An introduction

When I started working with dogs, it was more about getting a job than being around pups all day.  Don’t get me wrong, I have always loved dogs….more so than most.  I grew up around dogs, and often would end up on the floor interacting with them more so than my human counterparts.  I was teased in high school because as a freshman I spent more time with the dog in our theater production than with the other (meaner!) bitches that I went to school with.  But I never thought of dogs as a career. 

Within weeks of starting my new dog daycare job, I was hooked.  Sure, there was cleaning.  And cleaning.  And cleaning.  (Anyone who has ever worked in a dog daycare or boarding facility can easily relate.)  But then there were the dogs.  These kiddos on four legs.  These  playful puppies with energy that could last for days.  Tails wagging, noses twitching…pure happiness!

When your full-time job is to watch dogs alone for hours on end, you start to notice things that you hadn’t before.  Some of them are obvious – sadness when an owner drops off a pup, the friendships and cliques that dogs form – and some of them are much more subtle – the second of stillness before a dog snaps, the difference in tone of a happy bark versus and annoyed one.  Suddenly, I felt like I didn’t know dogs at all!  How arrogant of me to think I could care for these creatures and yet know virtually nothing about them!  That’s when the real education began.  I reached out to the owner of the facility where I worked, and she took me under her wing.  Hours of lessons and dozens of books later, I now viewed each day at work as a way to further my education.

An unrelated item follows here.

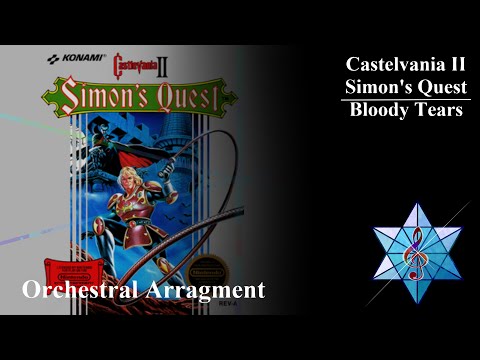 Bloody Tears - Castlevania II Simon's quest | Orchestral Arrangement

Years later, I still feel like I am learning, but I know much much more.  Now I see dozens of dogs every day in their own homes.  I care for puppies and for aggressive dogs working through issues that their owners and I barely understand.  I exercise dogs and make sure that even if their parents are far away, they are happy and healthy.  I hope this blog will educate dog owners and help them better understand what their dogs are thinking.  I’m sure it will have plenty of cute puppy pictures and reviews on new dog toys as well.  (a.k.a the things that make us humans happy!)  I am hoping reading this will improve your dog’s quality of life and therefore your own.  After all, where else are you doing to find someone who will give you unconditional love, a shoulder to cry on, and open ears every day of their life?